- _Problem requirements_: Which lines below include the string "Chevrolet"? Please show each one.

- _Task data_:
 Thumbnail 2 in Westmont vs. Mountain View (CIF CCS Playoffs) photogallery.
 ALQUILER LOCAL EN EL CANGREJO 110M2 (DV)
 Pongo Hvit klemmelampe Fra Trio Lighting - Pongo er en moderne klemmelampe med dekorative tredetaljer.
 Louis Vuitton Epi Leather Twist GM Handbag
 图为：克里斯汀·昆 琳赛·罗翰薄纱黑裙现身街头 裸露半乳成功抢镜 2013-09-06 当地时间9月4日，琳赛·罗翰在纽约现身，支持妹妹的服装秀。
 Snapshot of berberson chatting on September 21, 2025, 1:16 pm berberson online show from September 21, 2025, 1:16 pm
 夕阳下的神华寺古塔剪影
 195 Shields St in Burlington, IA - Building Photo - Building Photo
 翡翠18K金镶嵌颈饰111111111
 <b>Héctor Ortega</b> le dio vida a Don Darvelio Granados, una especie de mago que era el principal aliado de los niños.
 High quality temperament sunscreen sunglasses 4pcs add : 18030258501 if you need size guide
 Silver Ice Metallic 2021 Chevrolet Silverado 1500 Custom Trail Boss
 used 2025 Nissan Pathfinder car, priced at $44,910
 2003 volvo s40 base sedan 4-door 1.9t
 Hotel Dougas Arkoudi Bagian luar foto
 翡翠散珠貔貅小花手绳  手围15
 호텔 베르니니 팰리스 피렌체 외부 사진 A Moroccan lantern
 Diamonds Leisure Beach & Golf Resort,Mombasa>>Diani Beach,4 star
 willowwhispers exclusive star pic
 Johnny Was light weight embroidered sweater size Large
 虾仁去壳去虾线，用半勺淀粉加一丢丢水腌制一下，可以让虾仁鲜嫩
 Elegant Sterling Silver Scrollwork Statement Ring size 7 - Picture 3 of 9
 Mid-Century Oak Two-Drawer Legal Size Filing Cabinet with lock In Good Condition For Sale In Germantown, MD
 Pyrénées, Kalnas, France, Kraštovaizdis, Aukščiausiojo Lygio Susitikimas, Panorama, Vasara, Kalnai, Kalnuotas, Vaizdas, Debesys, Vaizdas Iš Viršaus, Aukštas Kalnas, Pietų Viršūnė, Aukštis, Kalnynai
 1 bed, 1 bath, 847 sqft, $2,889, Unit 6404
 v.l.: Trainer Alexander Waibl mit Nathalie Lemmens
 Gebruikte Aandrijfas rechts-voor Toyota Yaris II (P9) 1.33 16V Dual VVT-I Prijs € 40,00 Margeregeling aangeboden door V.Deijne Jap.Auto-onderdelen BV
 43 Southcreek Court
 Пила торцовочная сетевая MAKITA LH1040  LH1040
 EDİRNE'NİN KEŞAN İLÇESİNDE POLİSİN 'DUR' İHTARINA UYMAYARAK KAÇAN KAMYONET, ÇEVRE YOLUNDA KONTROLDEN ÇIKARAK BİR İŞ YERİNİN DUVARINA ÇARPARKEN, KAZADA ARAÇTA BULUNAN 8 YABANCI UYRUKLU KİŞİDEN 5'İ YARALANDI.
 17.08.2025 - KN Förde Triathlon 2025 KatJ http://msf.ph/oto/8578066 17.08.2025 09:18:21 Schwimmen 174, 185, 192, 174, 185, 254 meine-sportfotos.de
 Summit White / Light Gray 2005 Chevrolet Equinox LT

- _Answer for this exercise_:
 Silver Ice Metallic 2021 Chevrolet Silverado 1500 Custom Trail Boss
 Summit White / Light Gray 2005 Chevrolet Equinox LT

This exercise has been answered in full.